Washington (CNN) — The US government plans to rein in the vast data broker industry with new, privacy-focused regulations that aim to safeguard millions of Americans’ personal information from data breaches, violent criminals and even artificial intelligence chatbots.

The coming proposal by the Consumer Financial Protection Bureau would extend existing regulations that govern credit reports, arrest records and other data to what the agency describes as the “surveillance industry,” or the sprawling economy of businesses that traffic in increasingly digitized personal information.

The potential rules, which are not yet public or final, could bar data brokers from selling certain types of consumer information — including a person’s income or their criminal and payment history — except in specific circumstances, the CFPB said.

The push could also see new restrictions on the sale of personal information such as Social Security numbers, names and addresses, which the CFPB said data brokers often buy from the major credit reporting bureaus to create their own profiles on individual consumers.

Issued under the Fair Credit Reporting Act, the regulations would seek to ensure that data brokers selling that sensitive information do so only for valid financial purposes such as employment background checks or credit decisions, and not for unrelated purposes that may allow third parties to use the data to, for example, train AI algorithms or chatbots, the CFPB said.

The announcement follows an agency study into the data broker industry this year that found widespread concerns about how consumer data is being collected, used and shared. The inquiry received numerous submissions from the public warning about the disproportionate risks that unregulated data sharing can have on minorities, seniors, immigrants and victims of domestic violence.

“Reports about monetization of sensitive information — everything from the financial details of members of the U.S. military to lists of specific people experiencing dementia — are particularly worrisome when data is powering ‘artificial intelligence’ and other automated decision-making about our lives,” CFPB Director Rohit Chopra said in a statement. “The CFPB will be taking steps to ensure that modern-day data brokers in the surveillance industry know that they cannot engage in illegal collection and sharing of our data.”

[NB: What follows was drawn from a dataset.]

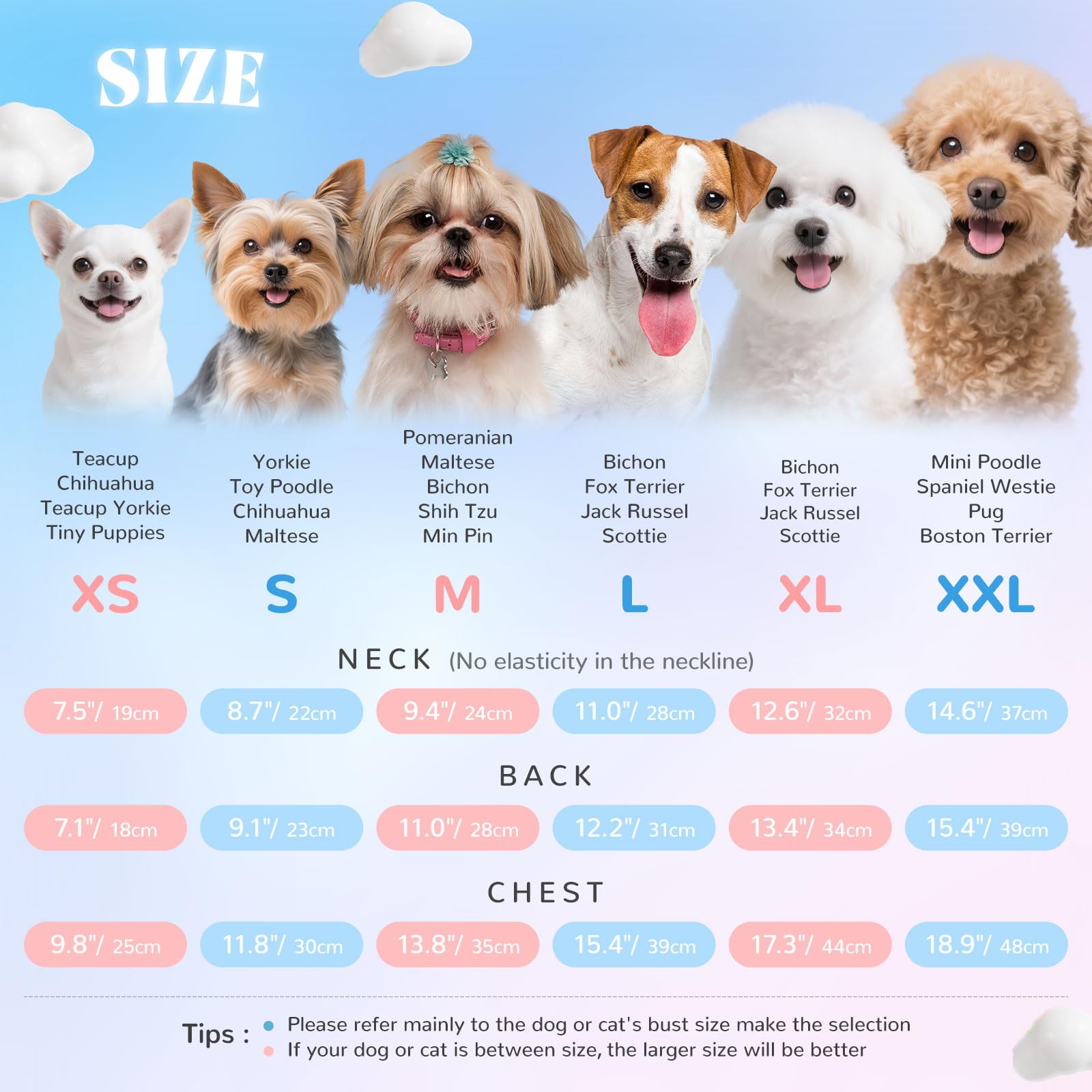 AXIIJGL T-shirt petit chien prêt pour sorties estivales.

The CFPB’s proposal will first be floated with a group of small businesses for feedback before being publicly unveiled in a formal rulemaking, the agency said.

The CFPB isn’t the only US agency clamping down on the massive data industry. Last year, the Federal Trade Commission proposed a sweeping set of regulations that may restrict how all businesses collect and use consumer data, taking aim at what FTC Chair Lina Khan has described as the “persistent tracking and routinized surveillance of individuals.”

The agency initiatives reflect how Congress has continually failed to produce a comprehensive, national-level consumer privacy law, despite years of lawmaker negotiations and the rise of privacy regulations overseas that increasingly affect US businesses.